WORK INSTRUCTIONS
The listing must be reproduced in full, exactly as it stands.

[[ MATERIAL SHOWN open ]]

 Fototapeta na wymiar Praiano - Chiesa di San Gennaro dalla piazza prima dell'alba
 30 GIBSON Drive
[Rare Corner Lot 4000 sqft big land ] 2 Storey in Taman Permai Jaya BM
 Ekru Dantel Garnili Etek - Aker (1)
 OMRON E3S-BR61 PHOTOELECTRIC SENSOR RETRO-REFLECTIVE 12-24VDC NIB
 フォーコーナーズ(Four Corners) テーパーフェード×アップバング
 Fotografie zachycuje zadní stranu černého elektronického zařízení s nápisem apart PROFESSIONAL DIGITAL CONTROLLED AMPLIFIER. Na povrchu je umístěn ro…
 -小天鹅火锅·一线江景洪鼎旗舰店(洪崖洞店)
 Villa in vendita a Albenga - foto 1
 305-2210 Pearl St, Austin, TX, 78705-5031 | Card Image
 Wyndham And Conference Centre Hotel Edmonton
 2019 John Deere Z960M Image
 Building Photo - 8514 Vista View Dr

[[ MATERIAL SHOWN closed ]]

RESPONSE TO THE TASK
 Fototapeta na wymiar Praiano - Chiesa di San Gennaro dalla piazza prima dell'alba
 30 GIBSON Drive
[Rare Corner Lot 4000 sqft big land ] 2 Storey in Taman Permai Jaya BM
 Ekru Dantel Garnili Etek - Aker (1)
 OMRON E3S-BR61 PHOTOELECTRIC SENSOR RETRO-REFLECTIVE 12-24VDC NIB
 フォーコーナーズ(Four Corners) テーパーフェード×アップバング
 Fotografie zachycuje zadní stranu černého elektronického zařízení s nápisem apart PROFESSIONAL DIGITAL CONTROLLED AMPLIFIER. Na povrchu je umístěn ro…
 -小天鹅火锅·一线江景洪鼎旗舰店(洪崖洞店)
 Villa in vendita a Albenga - foto 1
 305-2210 Pearl St, Austin, TX, 78705-5031 | Card Image
 Wyndham And Conference Centre Hotel Edmonton
 2019 John Deere Z960M Image
 Building Photo - 8514 Vista View Dr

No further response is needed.